DATA RECORDS Block Start

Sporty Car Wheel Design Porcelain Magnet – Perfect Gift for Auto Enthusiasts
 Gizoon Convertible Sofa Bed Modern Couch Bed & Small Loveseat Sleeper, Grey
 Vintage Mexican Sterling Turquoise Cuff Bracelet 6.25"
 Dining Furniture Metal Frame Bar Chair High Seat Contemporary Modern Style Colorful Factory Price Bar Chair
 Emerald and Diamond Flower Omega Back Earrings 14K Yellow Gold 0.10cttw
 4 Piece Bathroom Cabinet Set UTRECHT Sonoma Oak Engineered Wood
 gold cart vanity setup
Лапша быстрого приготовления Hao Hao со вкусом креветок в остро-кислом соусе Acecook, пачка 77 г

DATA RECORDS Block End

● **YOUR ASSIGNMENT**:
Restate the data above in full, word for word.

● **ANSWER SPACE**:
Sporty Car Wheel Design Porcelain Magnet – Perfect Gift for Auto Enthusiasts
 Gizoon Convertible Sofa Bed Modern Couch Bed & Small Loveseat Sleeper, Grey
 Vintage Mexican Sterling Turquoise Cuff Bracelet 6.25"
 Dining Furniture Metal Frame Bar Chair High Seat Contemporary Modern Style Colorful Factory Price Bar Chair
 Emerald and Diamond Flower Omega Back Earrings 14K Yellow Gold 0.10cttw
 4 Piece Bathroom Cabinet Set UTRECHT Sonoma Oak Engineered Wood
 gold cart vanity setup
Лапша быстрого приготовления Hao Hao со вкусом креветок в остро-кислом соусе Acecook, пачка 77 г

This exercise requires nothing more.